Sitting here now, benumbed with jet lag and rocked from the inside out by the events of the last few days, I can let go of the need to believe that this semester would be easier, and that I would make it through unscathed by heartbreaking inconsistencies. It’s taken me a while to get to this last entry, and I’m probably still not quite ready to be writing it, though I’m hoping that in doing so I might put this all behind me. To be brief, the program I am working for seeks to foster integrity and responsibility in young adults, and has very clear guidelines prohibiting the use of tobacco, alcohol, or drugs during the semester. We check in with the students periodically throughout our time together to make sure they are in alignment with these agreements, offering support to those who may be struggling with old patterns and new temptations.

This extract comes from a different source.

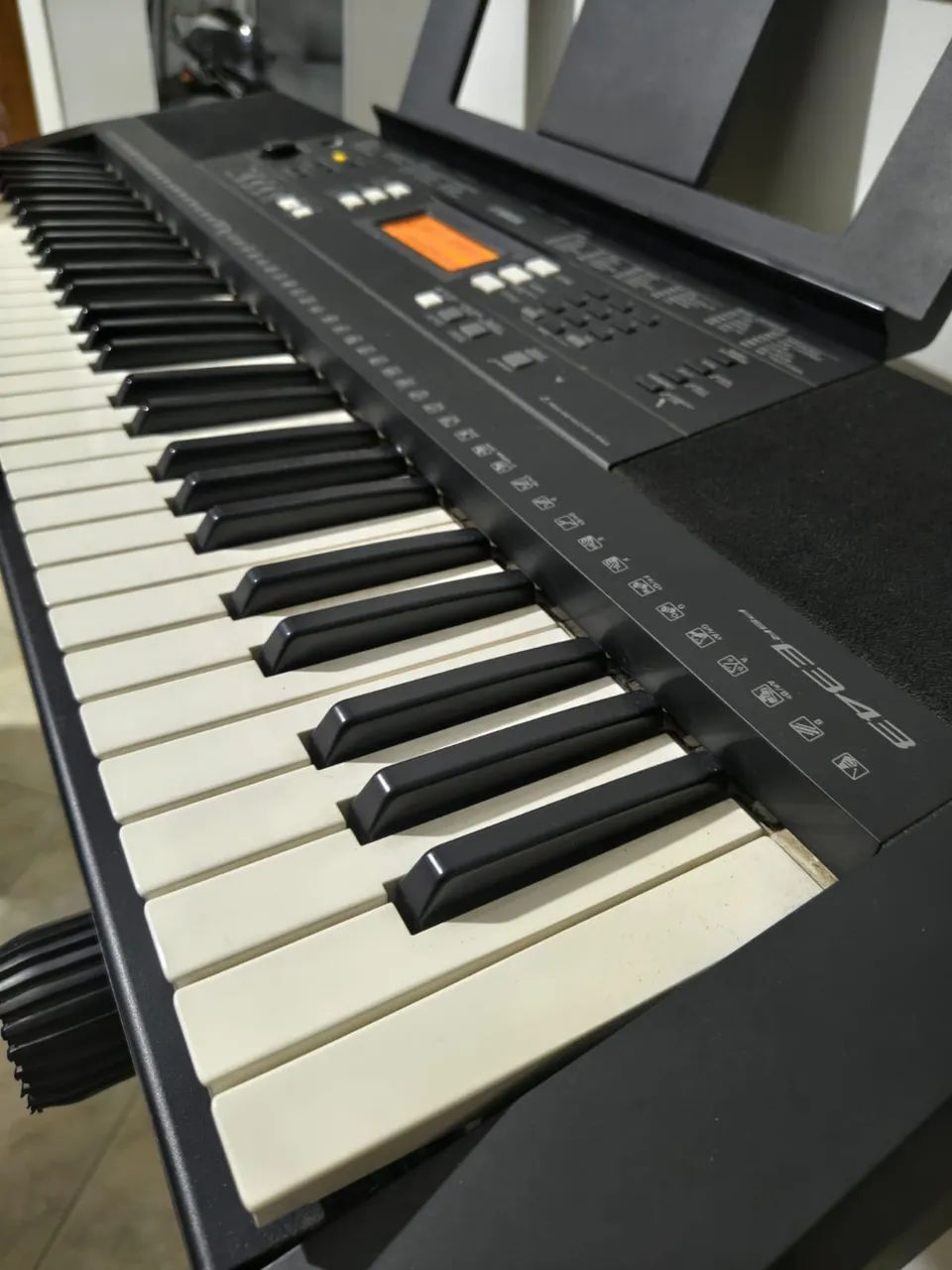 Teclado Yamaha  modelo PSR E343 - Foto 5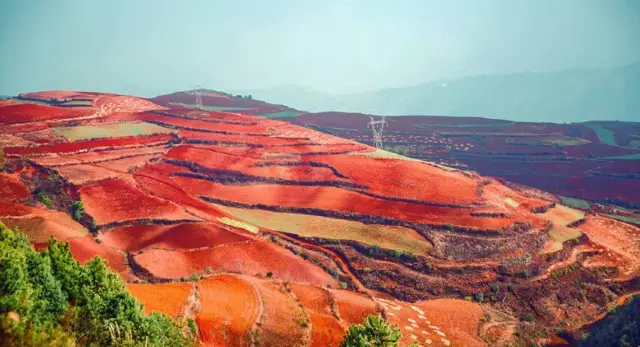 "Miracle of the Painted Earth: A Comprehensive Guide to the Photography Paradise of Dongchuan Red Land"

Over the last three days, it was revealed that nine of my thirteen students had broken one or more of these agreements at least once during our ten weeks in India, and eight were sent home for drug and alcohol use. The facility with which they lied to Francis and I throughout the semester chills me still, and the knowledge that these lies traveled with us for ten weeks breaks my heart. The students were repentant and remorseful, and I couldn’t deny them my forgiveness or reassurance. My care for them had been too hard won, and if I can’t still believe in them, then the exhaustion I feel now would be meaningless. It will take me a while to figure out how I could have given so much of myself, and felt so much more grounded in experience, with such baffling results. I’m hoping that there will be an uplifting epilogue to this story, and that in the quieter days to come I will discover some perfection in the course of events, and gratitude for things, and people, being exactly as they are.